**What is needed:**
Repeat exactly the lines that run from the start of the records below to the line with "Curva Beach Hotel", including both of those lines but not the pictures.

**Data for this task:**
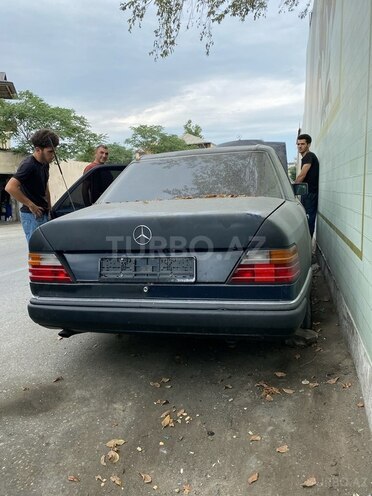 Mercedes E 200 1992, 390,000 km - 2.0 l - Bakı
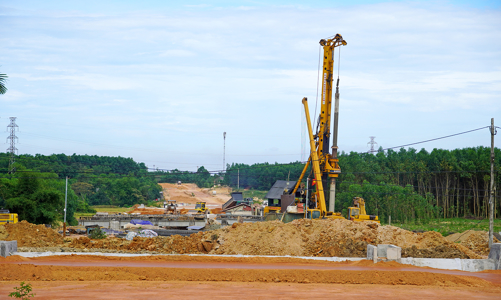 Quảng Trị gấp rút giải phóng mặt bằng cho hai dự án giao thông trọng điểm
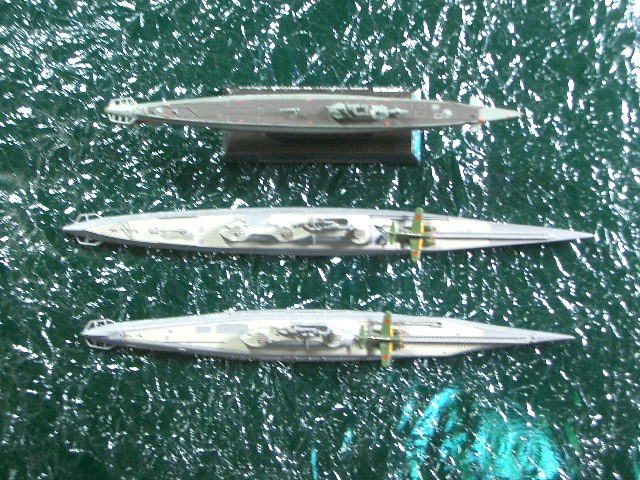 一等潜水艦『伊号第４０２』＆『伊号第１４』竣工！_f0059816_20524422.jpg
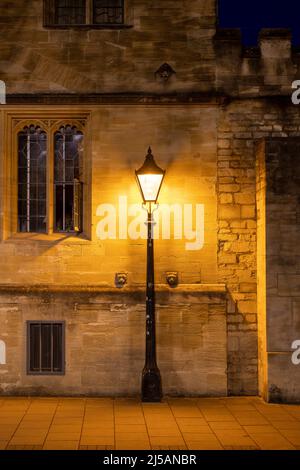 Feu de rue devant le St John's College, St Giles, tôt le matin avant l'aube. Oxford, Oxfordshire, Angleterre Banque D'Images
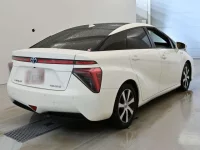 Toyota MIRAI лот № 30279 оценка 4.5  с аукциона в Японии 1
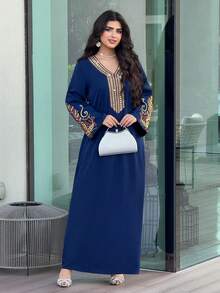 Al Najma 女士花卉刺绣拼接V领优雅阿拉伯风格长袖连衣裙 - 藍色 - 查看 5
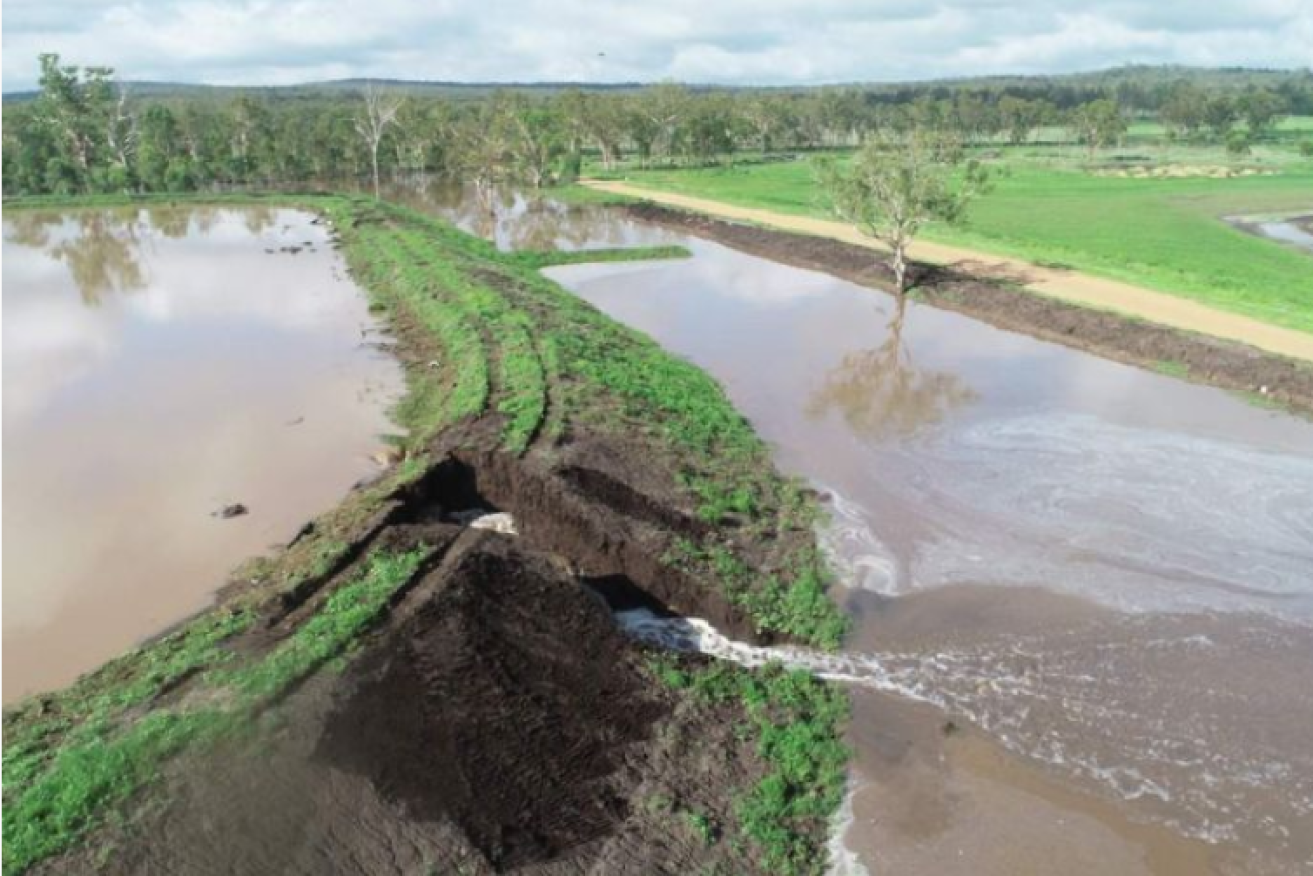 Fears that the ruptured dam wall will inundate the area have been revived by an engineers' survey.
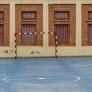 Unos padres se quejan al director del instituto porque hay un niño con dos madres y él les da una lección de por vida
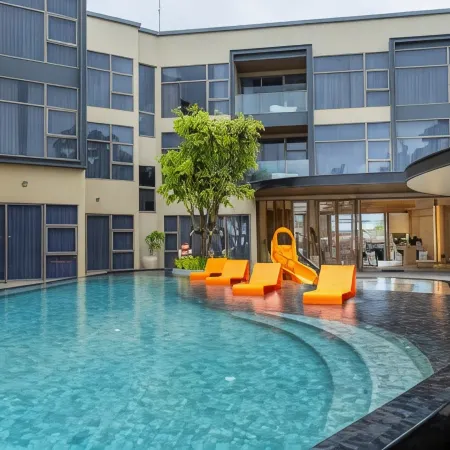 Curva Beach Hotel
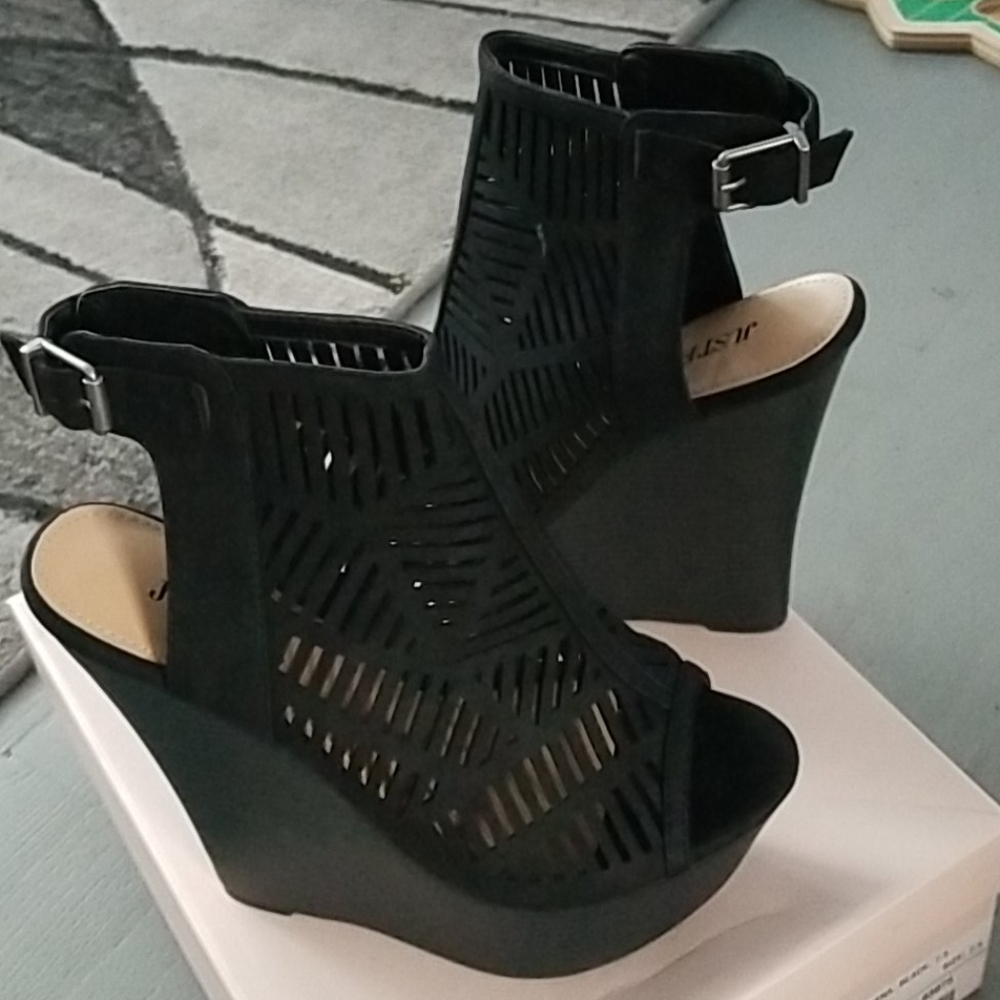 Women's wedge black 7.5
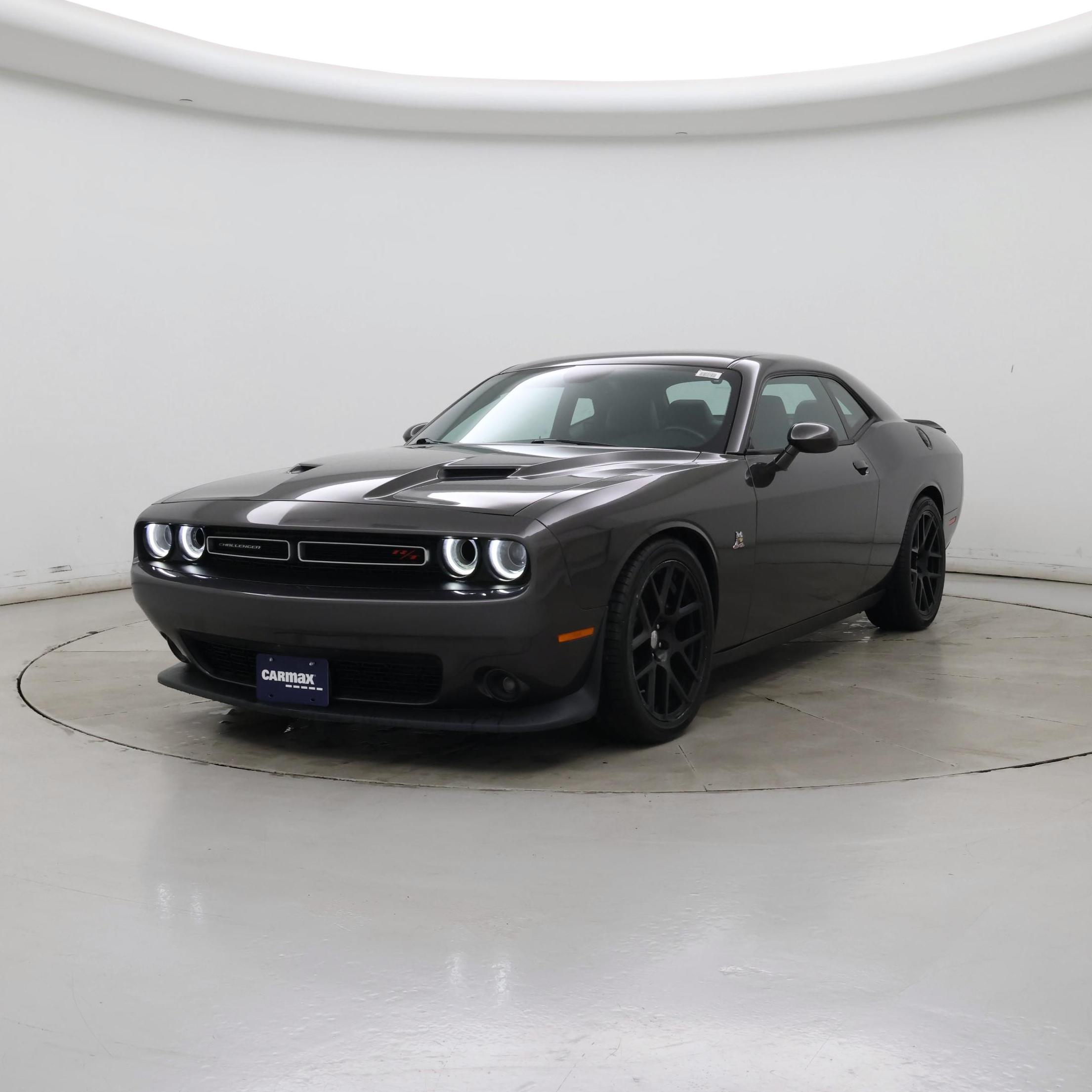 Thumbnail: 2015 Dodge Challenger - 4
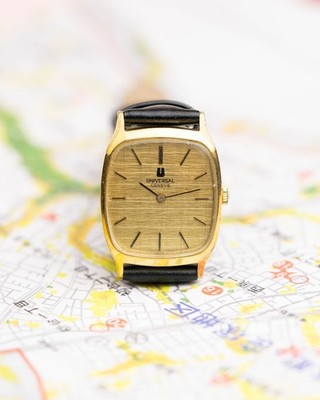 Vintage Universal Geneve Cushion Case Linen Dial Ultra Thin Men's Watch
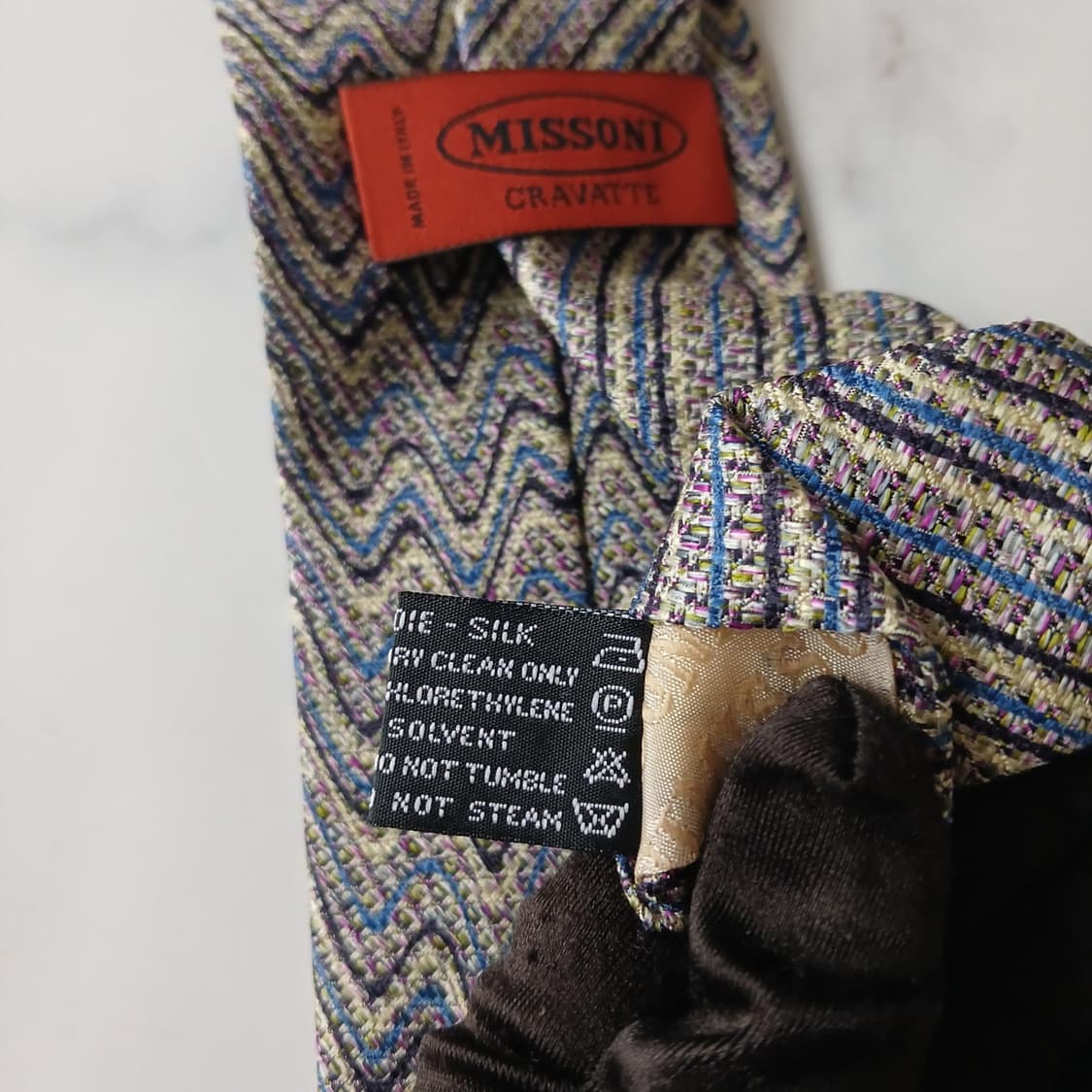 미쏘니 실크 지그재그 자카드 넥타이 8.8cm A+등급 A19521
 상품이미지10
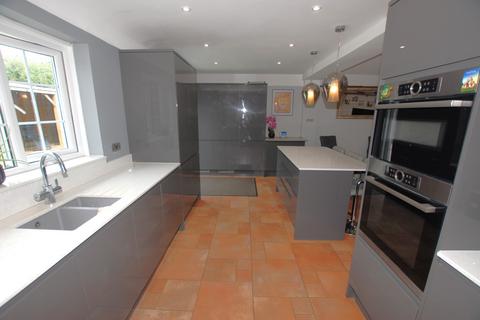 4 bedroom semi-detached house for sale, Ashford Road, Sandling, CT21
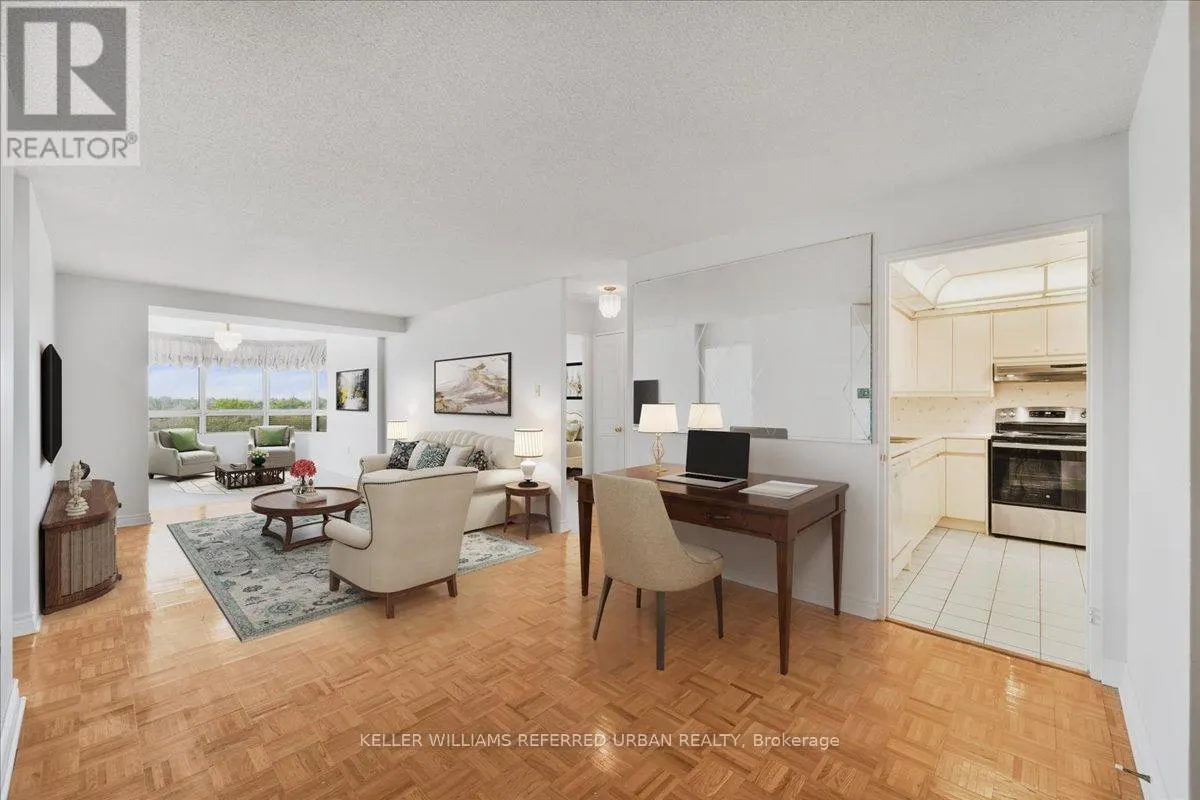 504 - 333 CLARK AVENUE W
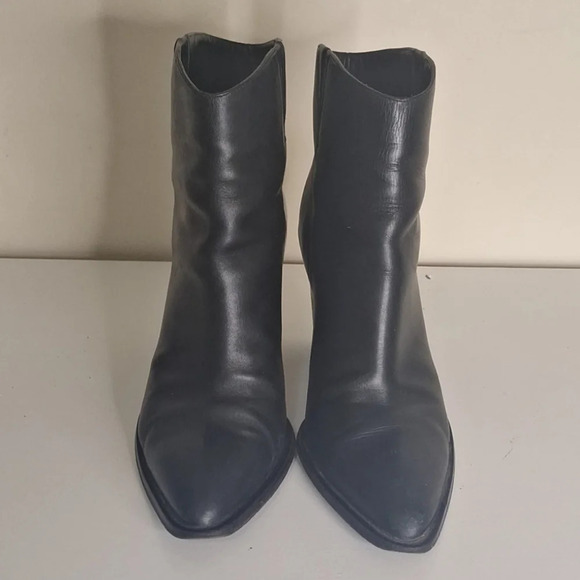 Vince made in Italy western style toe black leather booties SZ 9.5 - Picture 3 of 11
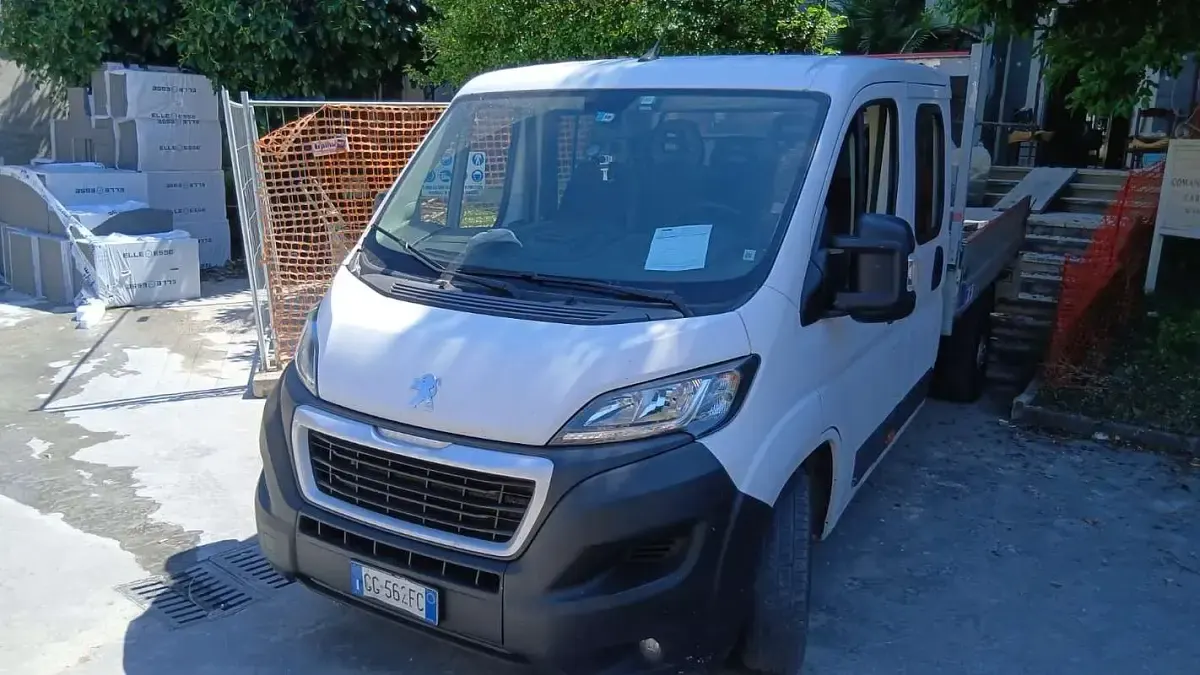 Usata Peugeot Boxer 165 CV (121 kW) 2021 Furgone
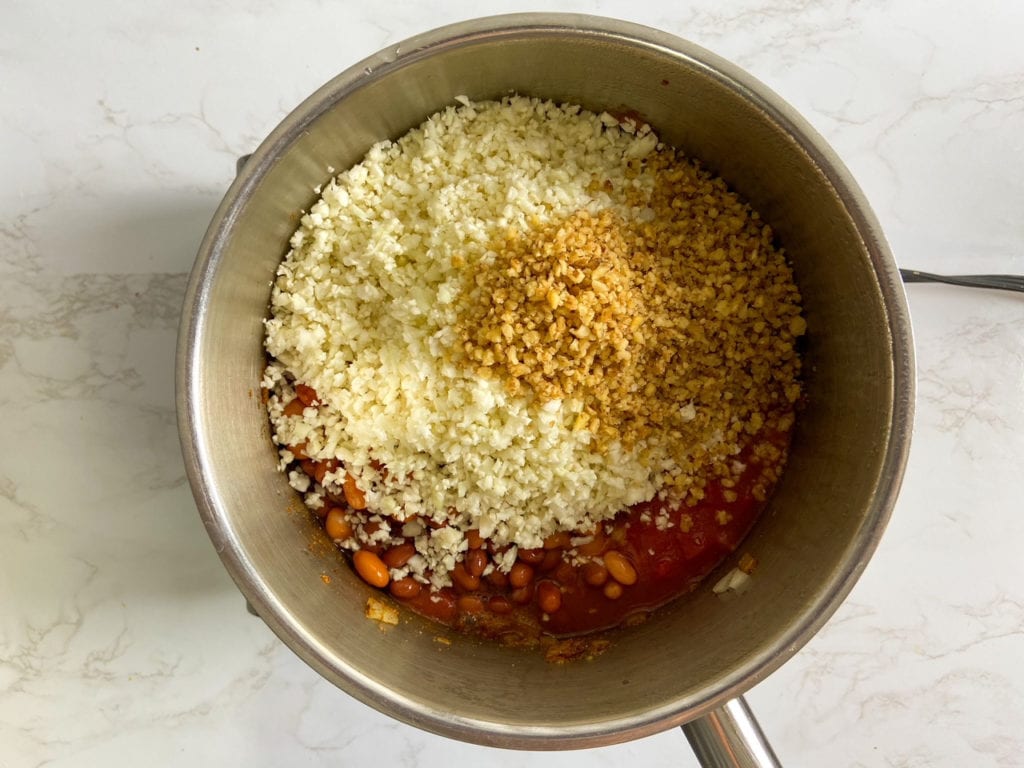 making vegan chili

**Answer box:**
 Mercedes E 200 1992, 390,000 km - 2.0 l - Bakı
 Quảng Trị gấp rút giải phóng mặt bằng cho hai dự án giao thông trọng điểm
 一等潜水艦『伊号第４０２』＆『伊号第１４』竣工！_f0059816_20524422.jpg
 Feu de rue devant le St John's College, St Giles, tôt le matin avant l'aube. Oxford, Oxfordshire, Angleterre Banque D'Images
 Toyota MIRAI лот № 30279 оценка 4.5  с аукциона в Японии 1
 Al Najma 女士花卉刺绣拼接V领优雅阿拉伯风格长袖连衣裙 - 藍色 - 查看 5
 Fears that the ruptured dam wall will inundate the area have been revived by an engineers' survey.
 Unos padres se quejan al director del instituto porque hay un niño con dos madres y él les da una lección de por vida
 Curva Beach Hotel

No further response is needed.